• **ABOUT THIS EXERCISE**:
From the data below, return only the lines from the one with "Antes y Después" through the one with "Sophisticated Comfort Cardigan", exact and inclusive, with pictures left out.

• **PROVIDED ENTRIES**:
========

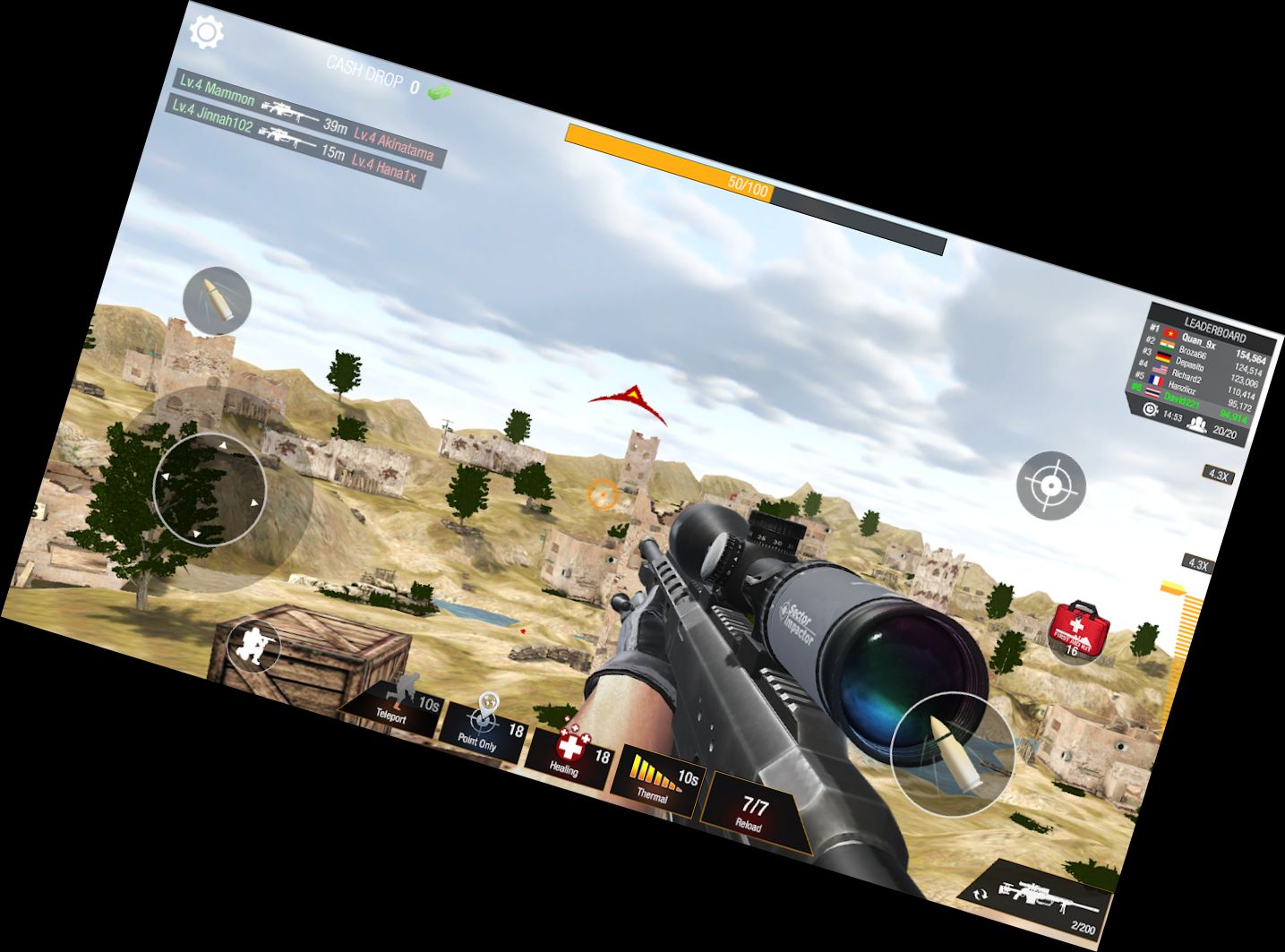 Снайпер-воин: PvP снай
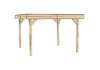 weka Gartenlaube 657 Gr. 1 262 x 262cm, 16 mm Dachschalung Produktbild-Vorschau 6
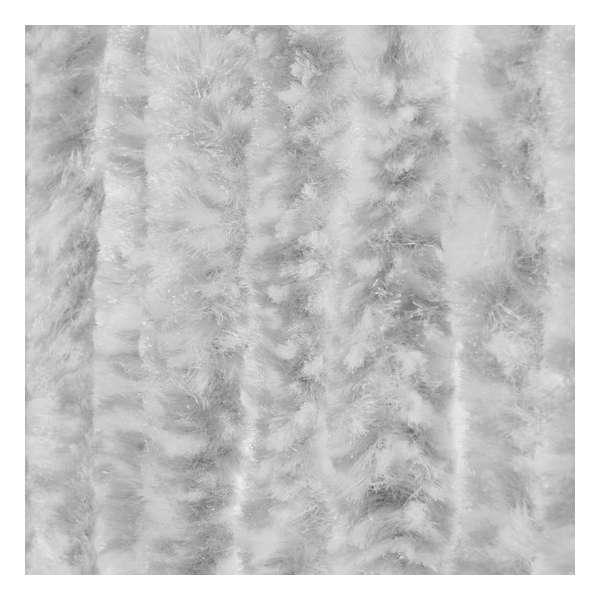 Vliegengordijn-kattenstaart-caravan- 56x180 cm grijs wit mix Vliegengordijn-kattenstaart-caravan- 56x180 cm grijs wit mix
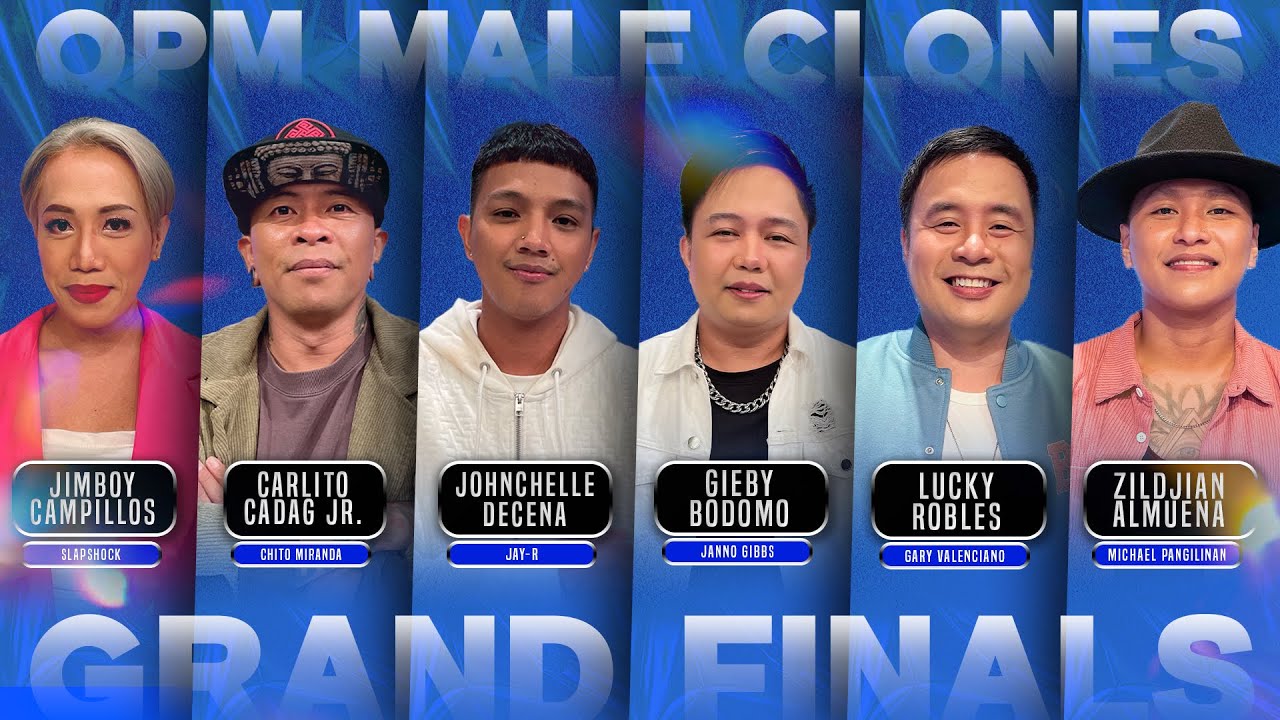 OPM MALE CLONES GRAND FINALS | July 26, 2025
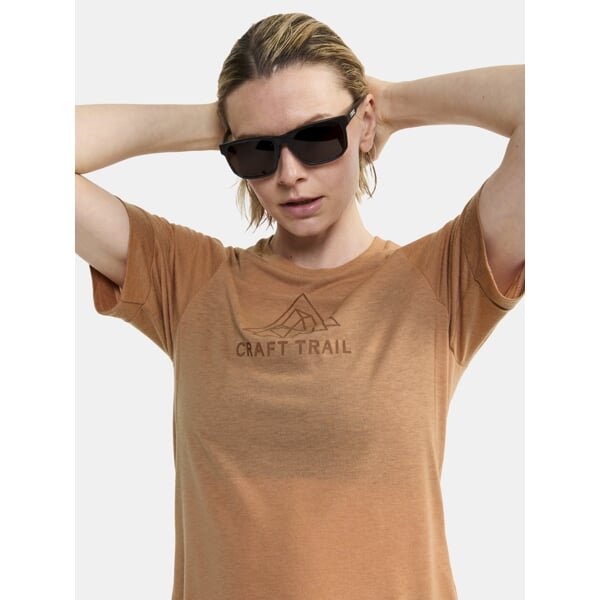 Tričko CRAFT ADV Trail Wool SS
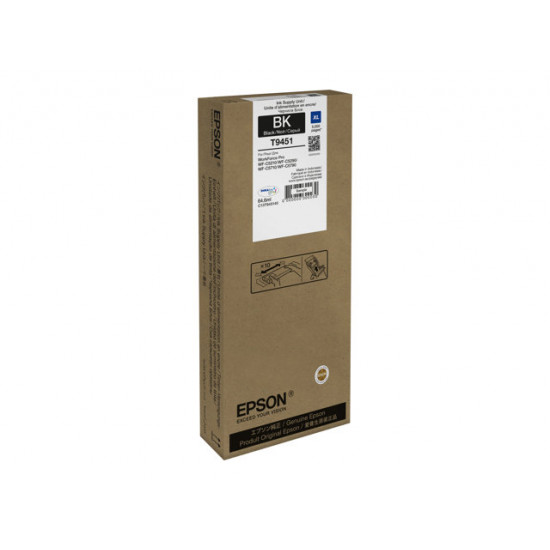 Epson WF-C5xxx sorozathoz XL tintapatron fekete (C13T945140) Epson WF-C5xxx sorozathoz XL tintapatron fekete (C13T945140)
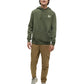 Tentree Men's Linear Tree Hoodie Deep Olive/Sunray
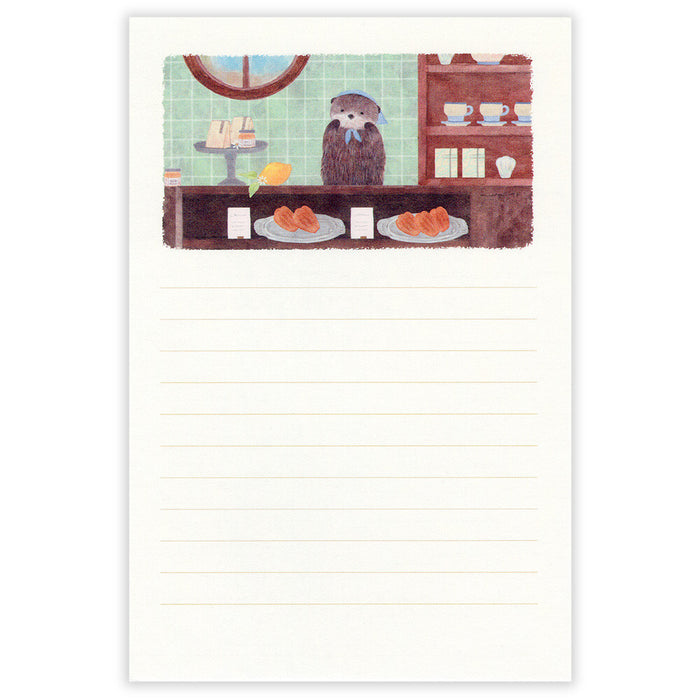 Letter Writing Pad - Otter & Madeleines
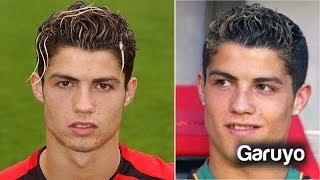 Antes y Después de Cristiano Ronaldo // Fotos de Cristiano Ronaldo // Balón de Oro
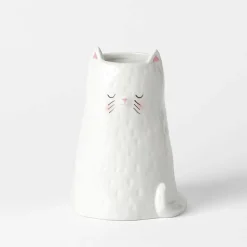 Cat Vase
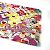 Stola Cosmic Blossom di Louis Vuitton Takashi Murakami Multicolore - vista 2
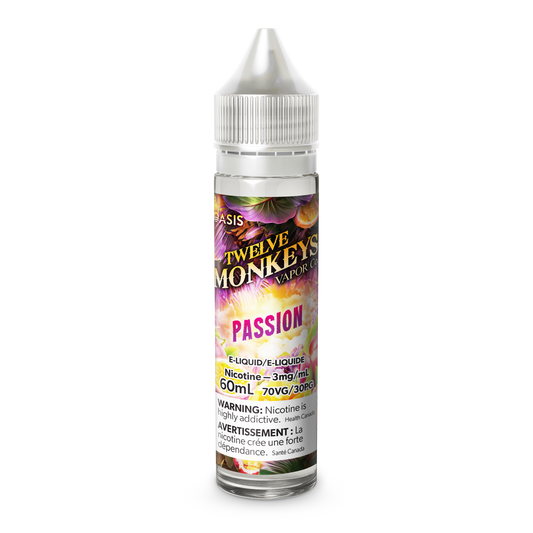 Twelve Monkeys - Passion 60mL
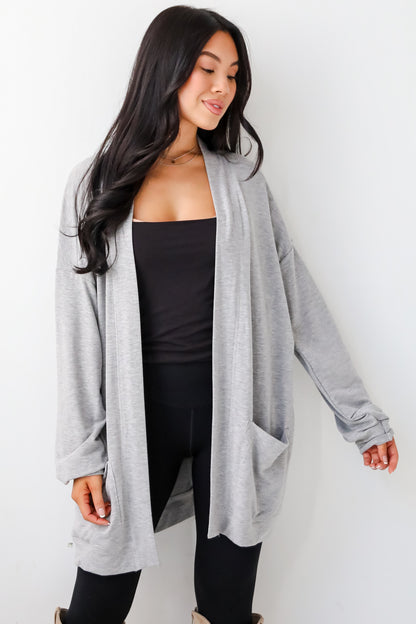 Sophisticated Comfort Cardigan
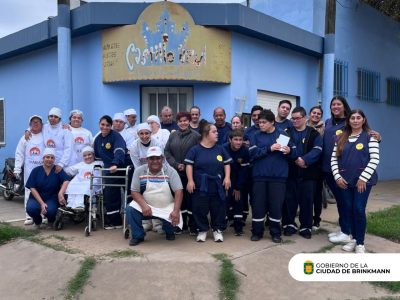 La Colmena participó de un taller en la ciudad de Morteros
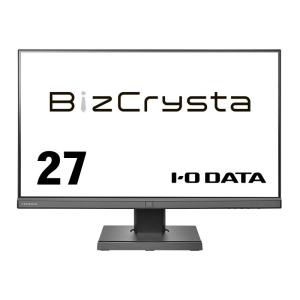 IODATA LCD-BCQ271DB-F ワイド液晶ディスプレイ 27型/ 2560×1440/ HDMI、DisplayPort、USB Type-C/ ブラック/ スピーカー…｜plusyu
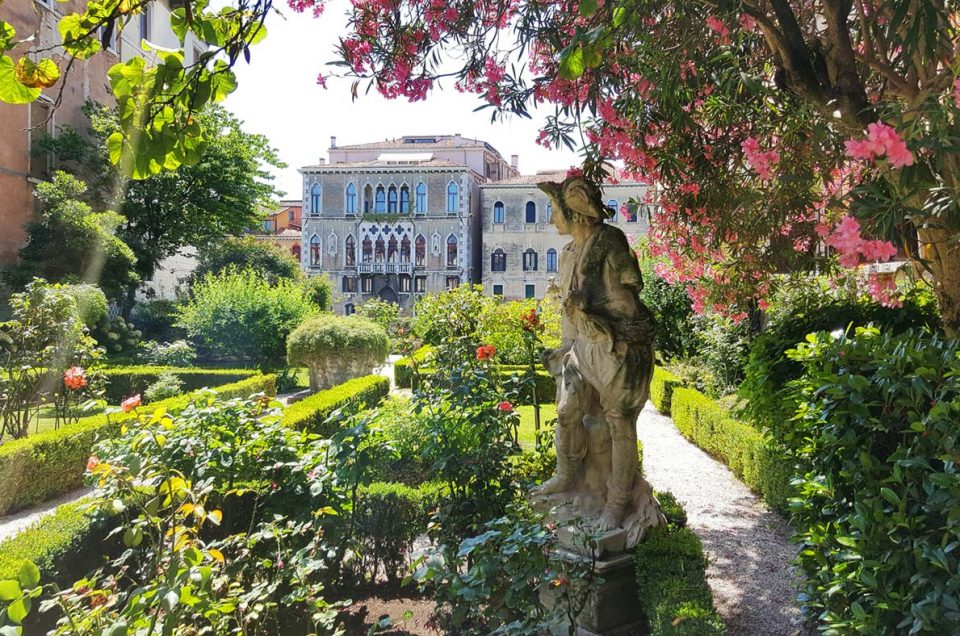 I giardini segreti di Venezia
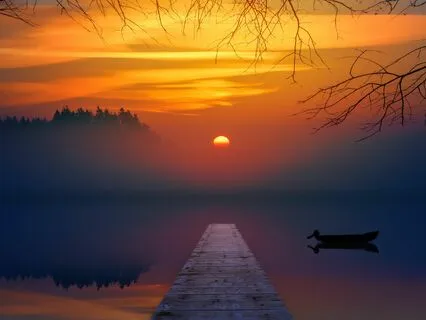 A Colorful Mist Meditation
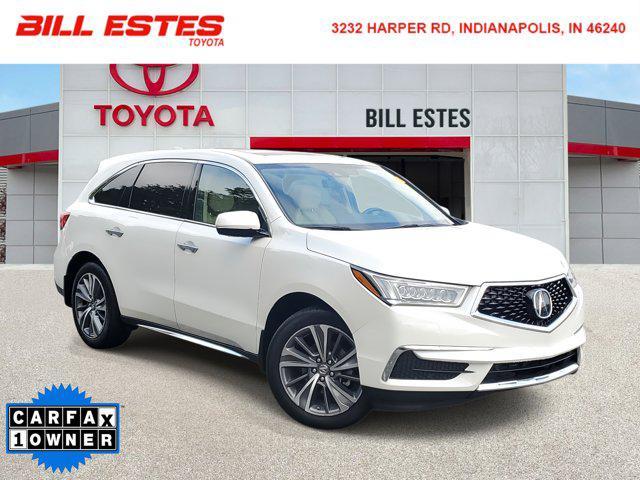 used 2018 Acura MDX car, priced at $22,425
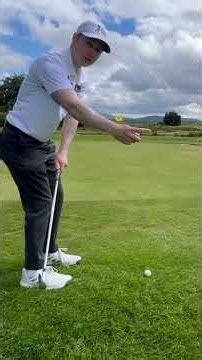 How to Set Up for a Chip Shot #golfswing #golftips #golfnetwork #golfgear #golfer #golfinstruction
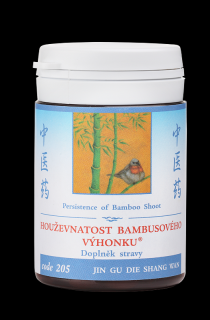 TCM Herbs Houževnatost bambusového výhonku, 100 tbl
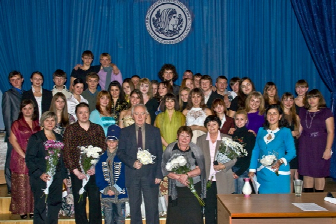 >Музыкально-поэтический вечер "Благодарю Вас..." в ПИ ЮФУ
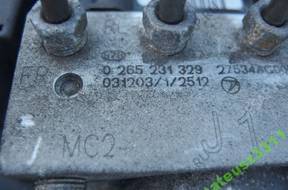 БЛОК АБС SUBARU LEGACY   0265231329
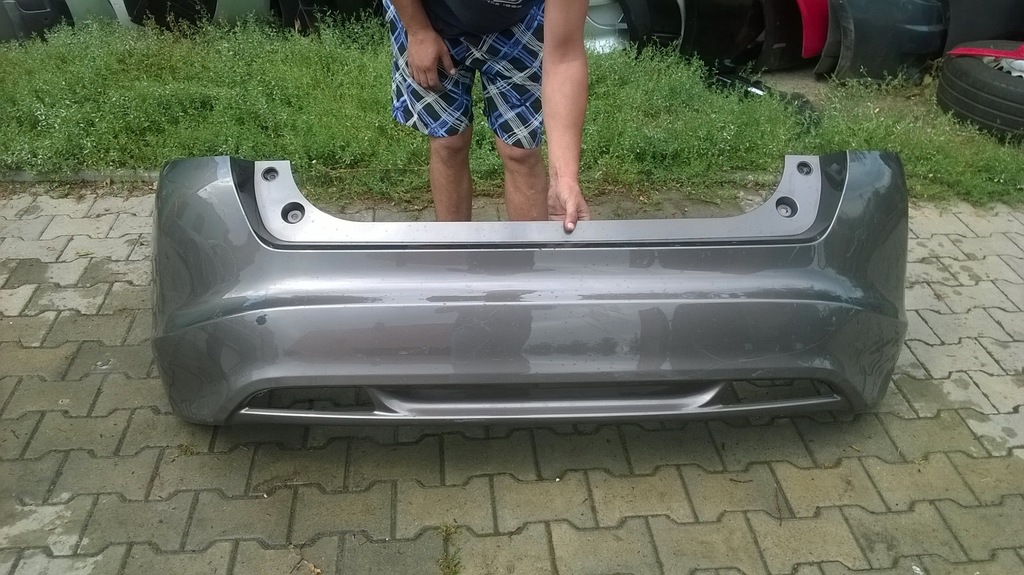 фото №1, Honda civic ufo ix 2012- бампер задний задняя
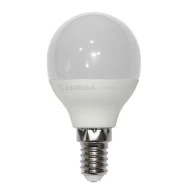 Λάμπα led G45 σφαιρική Ø45mm ισχύος E14 6W 230V 3000k θερμό λευκό φως 520Lm με ματ κάλυμμα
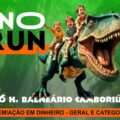 DinoRun: corra para encerrar o ano em grande estilo em Balneário Camboriú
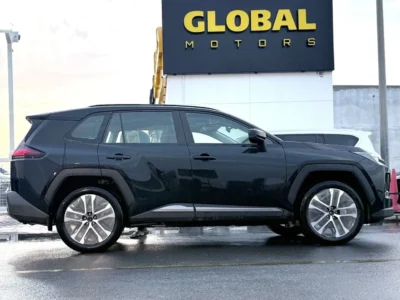 2026 TOYOTA RAV 4 Adventure 2.5 Litres 4 Cylinders Hybrid Engine Black SUV 4WD GCC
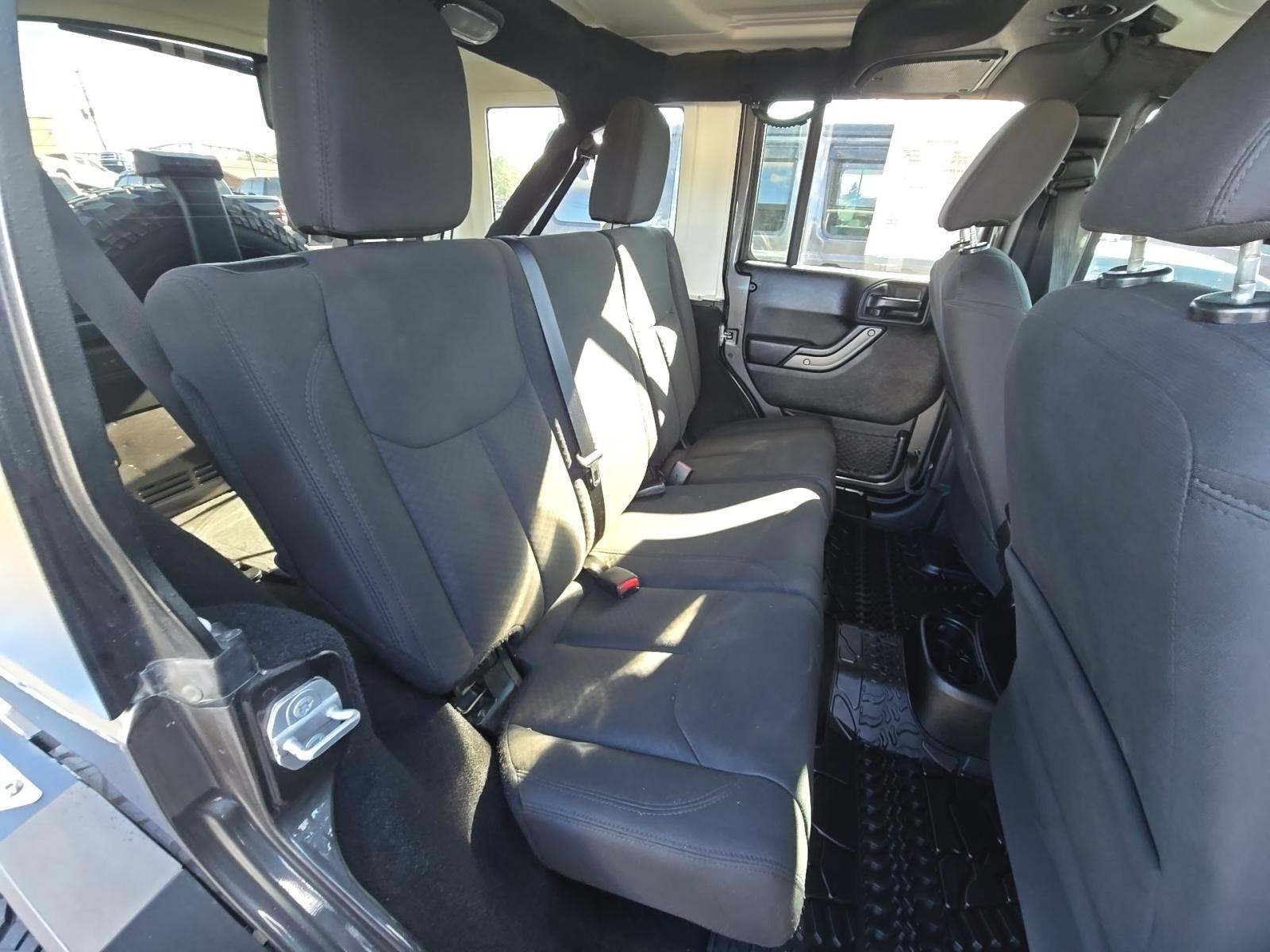 2018 Jeep Wrangler Unlimited Willys Wheeler W Edition AWD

========

• **OUTPUT FOR THIS TASK**:
 Antes y Después de Cristiano Ronaldo // Fotos de Cristiano Ronaldo // Balón de Oro
 Cat Vase
 Stola Cosmic Blossom di Louis Vuitton Takashi Murakami Multicolore - vista 2
 Twelve Monkeys - Passion 60mL
 Sophisticated Comfort Cardigan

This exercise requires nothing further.